Quick quiz: What’s missing from this common phrase? “Objects are closer than they appear.” If you guessed ‘in mirror,’ you get the free stuffed bear. And, you probably have a pretty good handle on where automotive technology is heading this century.
I first noticed the missing word while driving the 2015 Honda Fit EX-L. When you take a right turn or change lanes to the right, a live video image appears in the 7-inch display, taken from a small camera mounted under the right-side mirror. Honda says the feature, known as LaneWatch, provides four times as much information as the side mirror alone.
LaneWatch activates when you pull the lever for the turn signal. There’s also a button on the lever to activate the live video at any time.

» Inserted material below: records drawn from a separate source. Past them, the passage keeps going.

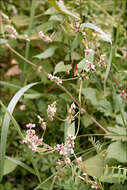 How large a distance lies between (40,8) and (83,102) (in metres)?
0.92

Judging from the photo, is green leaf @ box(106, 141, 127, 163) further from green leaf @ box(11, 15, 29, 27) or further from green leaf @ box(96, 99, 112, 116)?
green leaf @ box(11, 15, 29, 27)

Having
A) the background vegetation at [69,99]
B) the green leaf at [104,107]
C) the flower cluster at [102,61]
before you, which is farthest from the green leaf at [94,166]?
the flower cluster at [102,61]

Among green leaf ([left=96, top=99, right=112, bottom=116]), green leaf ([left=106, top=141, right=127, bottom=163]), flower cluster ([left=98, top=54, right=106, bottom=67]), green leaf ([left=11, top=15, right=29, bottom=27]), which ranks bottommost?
green leaf ([left=106, top=141, right=127, bottom=163])

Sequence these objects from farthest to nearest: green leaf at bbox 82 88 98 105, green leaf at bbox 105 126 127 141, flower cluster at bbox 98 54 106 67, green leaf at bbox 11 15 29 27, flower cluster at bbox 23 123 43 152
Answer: green leaf at bbox 11 15 29 27, green leaf at bbox 82 88 98 105, green leaf at bbox 105 126 127 141, flower cluster at bbox 98 54 106 67, flower cluster at bbox 23 123 43 152

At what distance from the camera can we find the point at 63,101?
4.58 ft

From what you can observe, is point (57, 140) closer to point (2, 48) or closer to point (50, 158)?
point (50, 158)

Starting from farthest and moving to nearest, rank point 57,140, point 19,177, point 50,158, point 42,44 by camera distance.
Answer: point 42,44
point 19,177
point 57,140
point 50,158

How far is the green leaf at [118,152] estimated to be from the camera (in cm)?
109

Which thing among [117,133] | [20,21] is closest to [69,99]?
[117,133]

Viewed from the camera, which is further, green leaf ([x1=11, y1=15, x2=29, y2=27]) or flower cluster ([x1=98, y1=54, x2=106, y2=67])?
green leaf ([x1=11, y1=15, x2=29, y2=27])

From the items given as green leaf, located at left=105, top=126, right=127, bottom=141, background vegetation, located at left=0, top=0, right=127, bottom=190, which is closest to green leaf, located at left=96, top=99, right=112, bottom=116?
background vegetation, located at left=0, top=0, right=127, bottom=190

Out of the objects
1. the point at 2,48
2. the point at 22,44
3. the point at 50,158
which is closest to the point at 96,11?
the point at 22,44

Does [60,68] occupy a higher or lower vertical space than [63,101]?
higher

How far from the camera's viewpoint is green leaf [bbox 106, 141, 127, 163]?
1.09 m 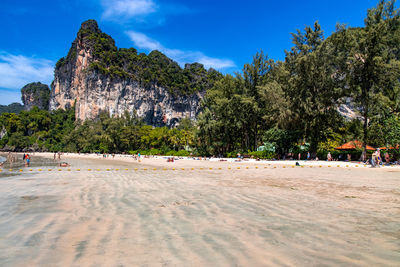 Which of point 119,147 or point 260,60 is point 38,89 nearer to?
point 119,147

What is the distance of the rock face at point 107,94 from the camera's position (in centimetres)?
12244

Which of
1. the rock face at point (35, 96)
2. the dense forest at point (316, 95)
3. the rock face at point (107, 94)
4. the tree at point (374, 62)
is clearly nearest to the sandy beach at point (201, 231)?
the dense forest at point (316, 95)

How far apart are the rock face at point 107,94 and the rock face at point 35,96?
43.7 metres

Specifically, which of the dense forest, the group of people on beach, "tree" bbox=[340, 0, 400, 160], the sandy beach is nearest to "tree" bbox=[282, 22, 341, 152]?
the dense forest

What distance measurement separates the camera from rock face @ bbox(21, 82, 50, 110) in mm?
181975

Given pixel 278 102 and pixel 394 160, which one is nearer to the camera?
pixel 394 160

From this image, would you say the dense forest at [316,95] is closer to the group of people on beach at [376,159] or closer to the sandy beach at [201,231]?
the group of people on beach at [376,159]

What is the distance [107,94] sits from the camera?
4830 inches

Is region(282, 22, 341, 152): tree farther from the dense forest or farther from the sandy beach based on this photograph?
the sandy beach

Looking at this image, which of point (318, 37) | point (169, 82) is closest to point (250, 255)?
point (318, 37)

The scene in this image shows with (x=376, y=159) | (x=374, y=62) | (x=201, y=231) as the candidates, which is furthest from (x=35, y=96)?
(x=201, y=231)

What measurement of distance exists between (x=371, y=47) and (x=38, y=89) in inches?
8566

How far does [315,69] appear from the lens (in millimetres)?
32938

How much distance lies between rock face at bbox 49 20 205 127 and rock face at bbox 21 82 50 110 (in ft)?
143
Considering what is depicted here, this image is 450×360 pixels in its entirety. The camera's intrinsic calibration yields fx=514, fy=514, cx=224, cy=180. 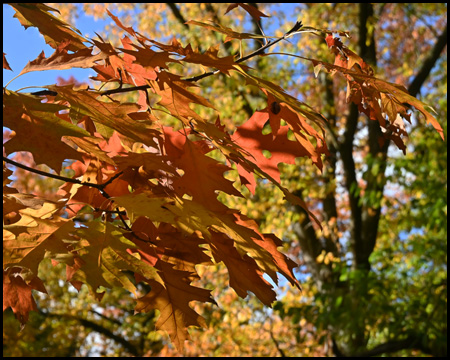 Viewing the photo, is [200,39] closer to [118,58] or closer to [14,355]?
[14,355]

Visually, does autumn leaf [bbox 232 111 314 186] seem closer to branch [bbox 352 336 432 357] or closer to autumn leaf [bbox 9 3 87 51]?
autumn leaf [bbox 9 3 87 51]

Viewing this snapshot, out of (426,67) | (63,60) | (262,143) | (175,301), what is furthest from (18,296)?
(426,67)

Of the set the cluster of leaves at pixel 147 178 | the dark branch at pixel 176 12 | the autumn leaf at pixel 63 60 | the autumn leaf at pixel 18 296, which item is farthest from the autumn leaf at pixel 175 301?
the dark branch at pixel 176 12

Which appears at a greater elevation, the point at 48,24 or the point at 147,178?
the point at 48,24

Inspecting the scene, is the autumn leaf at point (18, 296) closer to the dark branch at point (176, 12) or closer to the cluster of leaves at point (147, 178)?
the cluster of leaves at point (147, 178)

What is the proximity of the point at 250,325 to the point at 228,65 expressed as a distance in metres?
5.86

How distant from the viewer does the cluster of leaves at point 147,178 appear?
83 cm

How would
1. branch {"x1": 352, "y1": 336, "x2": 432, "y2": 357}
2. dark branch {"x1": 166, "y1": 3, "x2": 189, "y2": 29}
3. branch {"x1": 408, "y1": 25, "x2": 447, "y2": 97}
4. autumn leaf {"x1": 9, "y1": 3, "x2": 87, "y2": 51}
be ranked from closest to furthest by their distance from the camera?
autumn leaf {"x1": 9, "y1": 3, "x2": 87, "y2": 51} → branch {"x1": 352, "y1": 336, "x2": 432, "y2": 357} → branch {"x1": 408, "y1": 25, "x2": 447, "y2": 97} → dark branch {"x1": 166, "y1": 3, "x2": 189, "y2": 29}

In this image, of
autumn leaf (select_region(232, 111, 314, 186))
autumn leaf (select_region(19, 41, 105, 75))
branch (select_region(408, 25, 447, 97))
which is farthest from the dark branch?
autumn leaf (select_region(19, 41, 105, 75))

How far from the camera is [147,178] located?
3.24 feet

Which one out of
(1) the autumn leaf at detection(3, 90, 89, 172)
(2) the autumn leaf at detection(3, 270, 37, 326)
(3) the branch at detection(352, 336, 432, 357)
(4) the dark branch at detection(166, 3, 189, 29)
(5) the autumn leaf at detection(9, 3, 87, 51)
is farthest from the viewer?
(4) the dark branch at detection(166, 3, 189, 29)

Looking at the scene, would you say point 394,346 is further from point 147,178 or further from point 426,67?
point 147,178

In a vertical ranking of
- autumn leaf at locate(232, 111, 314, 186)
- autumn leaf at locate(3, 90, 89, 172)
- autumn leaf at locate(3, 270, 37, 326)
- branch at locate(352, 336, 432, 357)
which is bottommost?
autumn leaf at locate(3, 270, 37, 326)

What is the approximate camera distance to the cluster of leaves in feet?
2.71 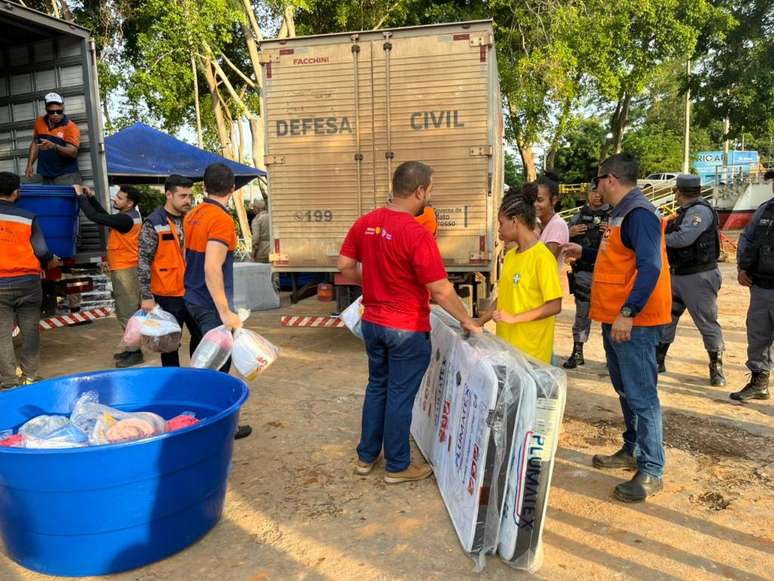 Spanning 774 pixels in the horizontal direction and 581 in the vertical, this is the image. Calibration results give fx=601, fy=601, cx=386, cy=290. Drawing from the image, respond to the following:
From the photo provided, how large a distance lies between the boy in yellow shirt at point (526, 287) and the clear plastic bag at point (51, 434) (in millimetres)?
2266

There are helpful lane markings in the display—yellow for cars that are behind you in the next lane and red for cars that are near your bumper. The message “objects are closer than they appear” shows up each time as a healthy reminder about the optical illusion. (I’ll spare you the details, but it’s safe to say your perspective and the camera angle play a big role in this.) Note to people who get motion sickness easily: watching the LaneWatch display could make you woozy.
I drove the Fit for an entire week, concentrating my drive time on four-lane highways where lane collisions are most common. In a few cases, the display showed a rather massive RV or semi-truck barreling down on my right-hand lane. I’ll go on record saying that LaneWatch probably saved me from making a lane mistake about three or four times in one week.
There’s a satisfying “click” that occurs when you activate the right turn signal—it’s hard to explain. It’s not audible. It’s as though the engineering wizards wanted to alert you both visually and by touch when you make a right turn. In the display settings, you can decide if you want a delay of two seconds before the live image appears.
Of course, you should also check the actual mirror, but LaneWatch, a feature that’s also in the Honda Accord, is a major aid.
LaneWatch is almost perfect—in only a few cases, the display was a little hard to read due to direct sunlight.
Someday, all vehicles will probably have cameras that show side views, rear views—maybe even aerial views. I doubt the side mirror will go away, though.
The Honda EX-L starts at $19,800 and includes LaneWatch as a standard feature. Lower trim levels like the Fit LX that costs $15,525 do not include the feature.